A Search Algorithm that adopts an Uninformed Search Strategy:

When actions have different costs, an obvious choice is to use best-first search where the evalution function is the cost of the path from the root to the current node. This is called Dijkstra’s algorithm by the theoretical computer science community, and uniform-cost search by the AI community. The idea is that while breadth-first search spreads out in waves of uniform depth… uniform-cost search spreads out in waves of uniform path-cost. (p. 95)

Implementation

We implement uniform-cost search as a call to Best-first-search where the evaluation function f(n) is the path cost.

Pseudocode

Properties and Performance

Note that uniform-cost search must use a late goal test, or it risks returning a suboptimal path.

Uniform-cost search is complete and is cost-optimal, because the first solution it finds must have a cost that is at least as low as any other node on the frontier.
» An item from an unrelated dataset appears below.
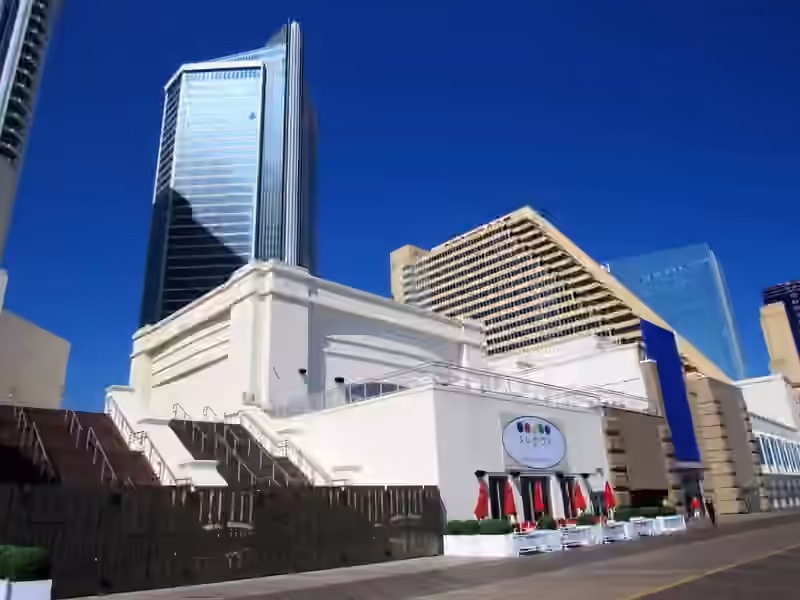 The Boardwalk side of Hard Rock Hotel & Casino Atlantic City in 2018, with a restaurant terrace at street level and the hotel towers behind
It considers all paths systematically in order of increasing cost and never gets stuck down a single path (assuming all action costs are \(> \epsilon > 0\), with \(\epsilon\) being a notional minimal bound action cost.

Regarding time and space performance, the complexity is understood in terms of \(\epsilon\) and \(C^*\), the cost of the optimal solution.

The algorithm’s worst-case space and time complexity is: \(O(b^{1+ \left \lfloor{C^* / \epsilon}\right \rfloor})\). This can be much worse than breadth-first search’s \(O(b^d)\), since uniform-cost might explore large trees of low-cost actions before exploring high-cost paths which are more useful. When all action costs are equal then the performance is just \(b^{d+1}\), so similar to breadth-first search.